The listing below holds a line with "Land Rover Range" and a later line with "無垢オーク幅広（FAS）グレードのオークダイニングテーブル完成！". Write out those two lines and every line between them, exactly, and nothing else.
----
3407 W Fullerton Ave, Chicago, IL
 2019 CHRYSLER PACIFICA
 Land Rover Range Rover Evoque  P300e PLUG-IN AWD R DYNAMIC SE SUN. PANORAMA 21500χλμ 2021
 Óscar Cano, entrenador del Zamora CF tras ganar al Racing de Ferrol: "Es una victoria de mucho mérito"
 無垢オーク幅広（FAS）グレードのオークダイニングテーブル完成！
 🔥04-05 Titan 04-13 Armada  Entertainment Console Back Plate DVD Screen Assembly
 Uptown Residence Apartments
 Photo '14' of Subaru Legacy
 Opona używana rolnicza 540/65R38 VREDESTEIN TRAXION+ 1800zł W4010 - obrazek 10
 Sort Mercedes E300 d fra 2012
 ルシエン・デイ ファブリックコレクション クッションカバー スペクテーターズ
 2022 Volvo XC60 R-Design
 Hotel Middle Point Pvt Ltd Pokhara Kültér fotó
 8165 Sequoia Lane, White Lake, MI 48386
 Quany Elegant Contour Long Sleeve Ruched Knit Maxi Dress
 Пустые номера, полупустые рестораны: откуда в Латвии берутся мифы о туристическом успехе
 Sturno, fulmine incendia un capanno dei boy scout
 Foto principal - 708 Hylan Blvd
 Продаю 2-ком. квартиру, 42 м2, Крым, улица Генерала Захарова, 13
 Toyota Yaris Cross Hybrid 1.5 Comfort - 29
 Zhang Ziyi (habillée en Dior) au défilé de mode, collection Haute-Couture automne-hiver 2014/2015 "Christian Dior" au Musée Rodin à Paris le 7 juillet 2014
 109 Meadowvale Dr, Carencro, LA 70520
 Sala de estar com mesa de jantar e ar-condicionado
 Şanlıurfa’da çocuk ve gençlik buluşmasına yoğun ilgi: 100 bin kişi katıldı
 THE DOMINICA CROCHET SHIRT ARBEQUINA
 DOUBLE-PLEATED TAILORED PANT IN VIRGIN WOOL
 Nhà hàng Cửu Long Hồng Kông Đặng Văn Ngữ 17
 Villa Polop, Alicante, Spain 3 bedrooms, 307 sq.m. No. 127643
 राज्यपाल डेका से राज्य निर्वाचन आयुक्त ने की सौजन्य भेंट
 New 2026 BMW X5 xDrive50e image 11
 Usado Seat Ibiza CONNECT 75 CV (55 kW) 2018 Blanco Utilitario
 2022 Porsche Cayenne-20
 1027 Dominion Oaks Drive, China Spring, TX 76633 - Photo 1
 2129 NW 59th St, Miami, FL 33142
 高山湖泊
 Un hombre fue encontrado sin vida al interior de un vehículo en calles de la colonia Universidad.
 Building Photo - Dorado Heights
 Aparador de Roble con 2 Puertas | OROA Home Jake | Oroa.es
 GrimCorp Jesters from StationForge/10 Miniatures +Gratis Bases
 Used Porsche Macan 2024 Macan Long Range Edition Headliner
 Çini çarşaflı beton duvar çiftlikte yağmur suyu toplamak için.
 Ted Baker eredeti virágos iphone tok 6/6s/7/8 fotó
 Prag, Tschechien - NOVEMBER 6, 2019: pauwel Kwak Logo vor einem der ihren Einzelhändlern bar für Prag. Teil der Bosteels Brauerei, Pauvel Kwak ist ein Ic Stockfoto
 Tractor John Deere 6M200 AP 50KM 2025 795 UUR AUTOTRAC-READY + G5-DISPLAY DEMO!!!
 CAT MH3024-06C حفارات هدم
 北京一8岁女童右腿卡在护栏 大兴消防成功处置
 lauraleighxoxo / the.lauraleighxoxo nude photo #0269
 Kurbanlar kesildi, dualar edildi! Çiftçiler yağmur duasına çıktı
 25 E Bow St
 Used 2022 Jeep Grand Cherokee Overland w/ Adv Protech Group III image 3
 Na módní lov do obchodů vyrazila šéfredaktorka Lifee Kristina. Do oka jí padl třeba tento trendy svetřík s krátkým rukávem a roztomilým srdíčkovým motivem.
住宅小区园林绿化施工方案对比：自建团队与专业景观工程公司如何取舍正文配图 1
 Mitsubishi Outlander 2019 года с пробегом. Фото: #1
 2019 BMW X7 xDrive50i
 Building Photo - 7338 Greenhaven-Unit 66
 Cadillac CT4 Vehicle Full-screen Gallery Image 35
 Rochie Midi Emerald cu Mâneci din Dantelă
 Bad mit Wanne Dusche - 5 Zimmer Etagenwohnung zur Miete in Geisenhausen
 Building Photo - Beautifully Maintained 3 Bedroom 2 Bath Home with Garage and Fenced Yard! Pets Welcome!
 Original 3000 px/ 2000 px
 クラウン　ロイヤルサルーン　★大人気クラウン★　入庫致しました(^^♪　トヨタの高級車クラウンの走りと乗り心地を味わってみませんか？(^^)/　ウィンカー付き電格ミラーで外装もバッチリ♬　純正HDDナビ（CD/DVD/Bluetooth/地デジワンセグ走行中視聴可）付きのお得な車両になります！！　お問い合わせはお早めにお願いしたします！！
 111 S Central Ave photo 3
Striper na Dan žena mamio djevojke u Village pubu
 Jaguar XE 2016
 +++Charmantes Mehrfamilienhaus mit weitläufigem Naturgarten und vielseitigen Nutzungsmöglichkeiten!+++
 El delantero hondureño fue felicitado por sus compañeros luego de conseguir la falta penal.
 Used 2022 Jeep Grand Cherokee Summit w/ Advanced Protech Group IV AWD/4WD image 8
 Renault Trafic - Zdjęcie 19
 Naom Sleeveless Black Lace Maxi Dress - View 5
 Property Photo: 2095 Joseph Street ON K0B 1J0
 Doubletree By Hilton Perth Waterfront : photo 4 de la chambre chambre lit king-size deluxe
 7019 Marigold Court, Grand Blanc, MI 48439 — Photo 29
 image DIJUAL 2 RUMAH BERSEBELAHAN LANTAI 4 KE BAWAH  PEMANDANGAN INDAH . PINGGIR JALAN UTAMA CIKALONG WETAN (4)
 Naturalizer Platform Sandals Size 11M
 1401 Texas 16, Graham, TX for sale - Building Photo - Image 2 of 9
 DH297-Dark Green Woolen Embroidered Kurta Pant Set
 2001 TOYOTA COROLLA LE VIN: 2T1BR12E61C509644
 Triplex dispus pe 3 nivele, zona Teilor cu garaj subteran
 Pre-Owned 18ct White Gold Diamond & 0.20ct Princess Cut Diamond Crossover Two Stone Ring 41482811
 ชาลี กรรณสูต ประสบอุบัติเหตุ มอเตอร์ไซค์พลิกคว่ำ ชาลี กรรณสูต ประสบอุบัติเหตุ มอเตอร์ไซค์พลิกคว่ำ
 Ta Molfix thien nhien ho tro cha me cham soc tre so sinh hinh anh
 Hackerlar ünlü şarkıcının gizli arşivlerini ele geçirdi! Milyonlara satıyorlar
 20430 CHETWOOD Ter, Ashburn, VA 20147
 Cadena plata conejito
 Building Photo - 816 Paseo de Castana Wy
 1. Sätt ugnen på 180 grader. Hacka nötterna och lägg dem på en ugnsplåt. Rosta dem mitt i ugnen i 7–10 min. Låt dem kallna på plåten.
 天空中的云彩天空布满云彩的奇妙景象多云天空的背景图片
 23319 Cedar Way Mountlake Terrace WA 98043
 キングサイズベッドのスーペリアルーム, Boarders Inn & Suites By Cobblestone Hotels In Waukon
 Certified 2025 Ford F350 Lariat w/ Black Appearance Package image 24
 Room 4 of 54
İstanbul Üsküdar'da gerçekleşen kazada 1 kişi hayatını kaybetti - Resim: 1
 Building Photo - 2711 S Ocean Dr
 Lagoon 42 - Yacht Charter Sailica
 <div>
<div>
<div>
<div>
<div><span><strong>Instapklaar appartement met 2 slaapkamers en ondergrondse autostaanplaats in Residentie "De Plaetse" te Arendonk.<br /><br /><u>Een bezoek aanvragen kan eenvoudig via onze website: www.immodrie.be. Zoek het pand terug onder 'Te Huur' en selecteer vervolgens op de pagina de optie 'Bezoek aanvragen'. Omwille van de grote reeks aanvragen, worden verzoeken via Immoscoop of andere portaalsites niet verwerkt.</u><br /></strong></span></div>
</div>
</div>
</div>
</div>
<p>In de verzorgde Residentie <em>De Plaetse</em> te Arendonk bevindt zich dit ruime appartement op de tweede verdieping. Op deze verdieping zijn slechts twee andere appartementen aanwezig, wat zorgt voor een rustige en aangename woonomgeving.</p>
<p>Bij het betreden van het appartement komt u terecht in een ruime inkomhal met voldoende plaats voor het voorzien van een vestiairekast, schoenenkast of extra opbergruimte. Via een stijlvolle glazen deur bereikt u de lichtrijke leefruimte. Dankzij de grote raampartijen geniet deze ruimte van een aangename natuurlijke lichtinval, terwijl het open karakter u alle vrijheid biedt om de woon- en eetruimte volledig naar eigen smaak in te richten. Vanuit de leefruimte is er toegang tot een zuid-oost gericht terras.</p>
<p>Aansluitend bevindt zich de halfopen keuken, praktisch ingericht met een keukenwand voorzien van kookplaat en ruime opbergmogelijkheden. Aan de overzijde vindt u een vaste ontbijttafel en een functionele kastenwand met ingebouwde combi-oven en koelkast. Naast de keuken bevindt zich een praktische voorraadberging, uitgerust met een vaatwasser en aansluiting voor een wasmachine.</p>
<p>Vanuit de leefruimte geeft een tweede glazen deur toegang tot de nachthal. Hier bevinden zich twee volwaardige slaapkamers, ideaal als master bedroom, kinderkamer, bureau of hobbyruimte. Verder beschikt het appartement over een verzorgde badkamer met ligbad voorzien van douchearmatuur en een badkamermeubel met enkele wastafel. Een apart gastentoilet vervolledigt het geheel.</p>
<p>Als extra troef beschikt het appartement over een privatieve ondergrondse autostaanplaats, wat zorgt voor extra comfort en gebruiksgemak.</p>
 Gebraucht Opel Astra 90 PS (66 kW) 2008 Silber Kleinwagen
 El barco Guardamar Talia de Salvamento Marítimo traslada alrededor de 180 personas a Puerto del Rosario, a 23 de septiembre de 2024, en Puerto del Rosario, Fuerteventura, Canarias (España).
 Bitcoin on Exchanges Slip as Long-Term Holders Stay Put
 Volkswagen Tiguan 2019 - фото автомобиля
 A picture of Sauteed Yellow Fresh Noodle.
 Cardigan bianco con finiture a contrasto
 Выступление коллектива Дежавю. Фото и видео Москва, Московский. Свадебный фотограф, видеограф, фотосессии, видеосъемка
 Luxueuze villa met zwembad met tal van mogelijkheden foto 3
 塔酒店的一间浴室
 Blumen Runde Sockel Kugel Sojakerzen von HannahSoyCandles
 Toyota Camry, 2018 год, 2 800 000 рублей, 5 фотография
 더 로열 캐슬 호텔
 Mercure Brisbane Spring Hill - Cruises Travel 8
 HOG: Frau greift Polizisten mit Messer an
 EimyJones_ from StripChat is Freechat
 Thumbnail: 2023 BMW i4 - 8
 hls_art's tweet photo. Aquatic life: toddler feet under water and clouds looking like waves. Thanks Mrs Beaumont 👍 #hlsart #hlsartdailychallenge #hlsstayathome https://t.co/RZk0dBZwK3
----
COMPLETED TASK:
 Land Rover Range Rover Evoque  P300e PLUG-IN AWD R DYNAMIC SE SUN. PANORAMA 21500χλμ 2021
 Óscar Cano, entrenador del Zamora CF tras ganar al Racing de Ferrol: "Es una victoria de mucho mérito"
 無垢オーク幅広（FAS）グレードのオークダイニングテーブル完成！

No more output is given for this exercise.